Un résultat cohérent pour l'experte fribourgeoise, même si le nombre est en constante évolution. Résultat aussi confirmé par Jean-Paul Rouiller, ancien des services de renseignements qui, dans son livre "Le Djihad comme destin, la Suisse pour cible", rejoint l’estimation.
On ne dispose d’aucune base légale qui l'autorise à surveiller d'une façon régulière les mosquées ou les imams sans indice sur une menace potentielle pour la sécurité
La question de la surveillance
La surveillance de tous ces lieux, c'est l’enjeu pour repérer les discours radicaux. La Confédération considère qu'elle ne peut rien faire officiellement, comme l'explique Carolina Bohren, porte-parole des renseignements suisses. "Le SRC ne dispose d’aucune base légale qui l'autorise à surveiller d'une façon régulière les mosquées ou les imams et leurs activités en Suisse sans indice sur une menace potentielle pour la sécurité".

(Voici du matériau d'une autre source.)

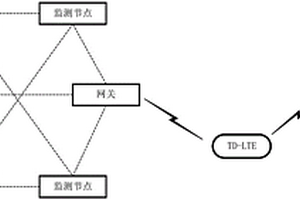 基于傳感器網絡的惡臭類氣體和VOCs監測系統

>> Lire aussi : "Aucune raison de surveiller préventivement les mosquées suisses"
Cela ne signifie pas qu'aucune surveillance n'existe, comme le confirme Jean-Paul Rouiller. "Régulièrement, des gens qui sont proches des services de renseignements font des pointages dans les mosquées. Ils vont écouter les prêches, sans aucun outil d'enregistrement". "La vigilance est de mise et les services sur ce plan font leur travail", estime l'expert.

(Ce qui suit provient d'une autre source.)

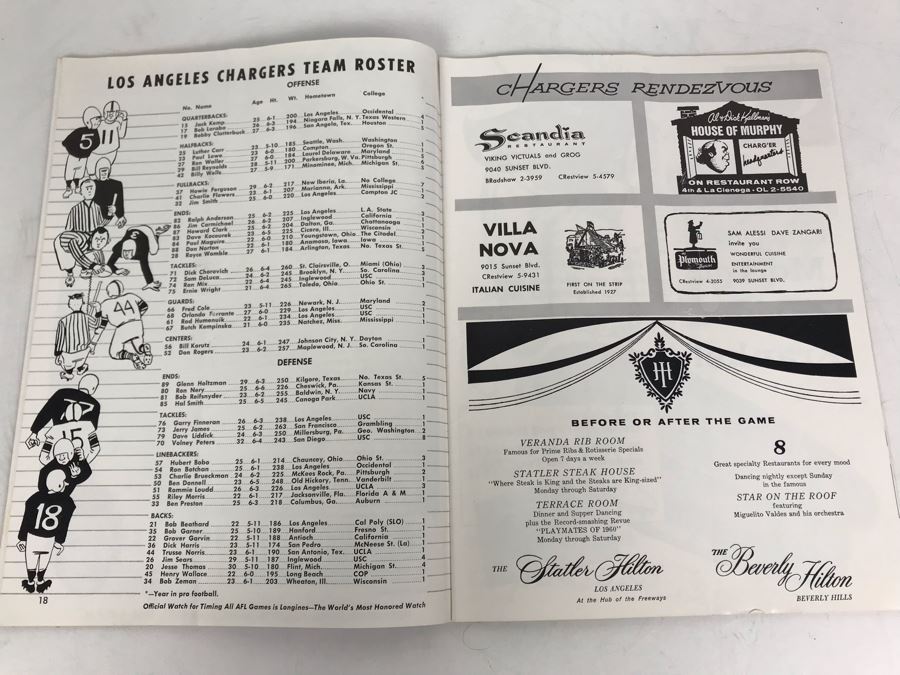 Vintage 1960 Los Angeles Chargers / New York Titans AFL Professional Football Program [Photo 15]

L’entrée de la nouvelle loi sur le Renseignement en 2017 permettra d'effectuer des surveillances plus formelles. Au final, moins de 10 lieux de prières restent sous haute surveillance.
Cécile Tran-Tien, Tania Sazpinar, Dimitri Zufferey
La question du financement
En Suisse, la grande majorité des mosquées ne sont pas financées par les pays de la péninsule arabique, Arabie saoudite en tête, mais par les pays des Balkans et par la Turquie.
Les chiffres de l’Office fédéral de la statistique le confirment: la majorité des musulmans de Suisse viennent des pays de l’ex-Yougoslavie (42%) et de Turquie (14%). Un tiers possèdent la nationalité suisse (31,4%). L’islam de ces nations est un islam sunnite et modéré.
Mallory Schneuwly Purdie, chercheuse au Centre Islam et société de l'Université de Fribourg, voit dans les quelque 50 centres de prières soutenus directement par le ministère turc des affaires religieuses un gage de stabilité. "L’imam est salarié de l’Etat. Il arrive en Suisse formé aux questions théologiques".
Elle est rejointe par Jean-Paul Rouiller, ancien des services de renseignements, qui estimait que "les mosquées ne sont pas des vecteurs proactifs des réseaux djihadistes".
Berne réfléchit à une manière de recenser tous les imams de Suisse
Il n'existe aucun registre recensant au niveau fédéral les imams qui prêchent dans des lieux de culte en Suisse. La question des religions est en effet de compétence cantonale.
Mais à Berne, des réflexions sont en cours, s'inscrivant dans l'élaboration d'un plan d'action contre la radicalisation.